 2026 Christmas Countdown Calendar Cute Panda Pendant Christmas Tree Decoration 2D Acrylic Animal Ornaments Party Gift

☆ ☆ ☆

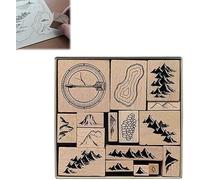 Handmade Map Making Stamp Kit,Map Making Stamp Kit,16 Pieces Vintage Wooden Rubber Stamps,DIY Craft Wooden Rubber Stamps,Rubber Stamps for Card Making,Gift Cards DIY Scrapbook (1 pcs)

☆ ☆ ☆

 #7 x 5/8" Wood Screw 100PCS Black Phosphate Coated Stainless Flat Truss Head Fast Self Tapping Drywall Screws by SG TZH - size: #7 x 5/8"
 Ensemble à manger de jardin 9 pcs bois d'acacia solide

☆ ☆ ☆

### REQUIRED ACTION:
Find the line with "Wood Screw 100PCS" in the material above. Reproduce it and each line after it up to and including the line with "Ensemble à manger".

### ANSWER SPACE:
 #7 x 5/8" Wood Screw 100PCS Black Phosphate Coated Stainless Flat Truss Head Fast Self Tapping Drywall Screws by SG TZH - size: #7 x 5/8"
 Ensemble à manger de jardin 9 pcs bois d'acacia solide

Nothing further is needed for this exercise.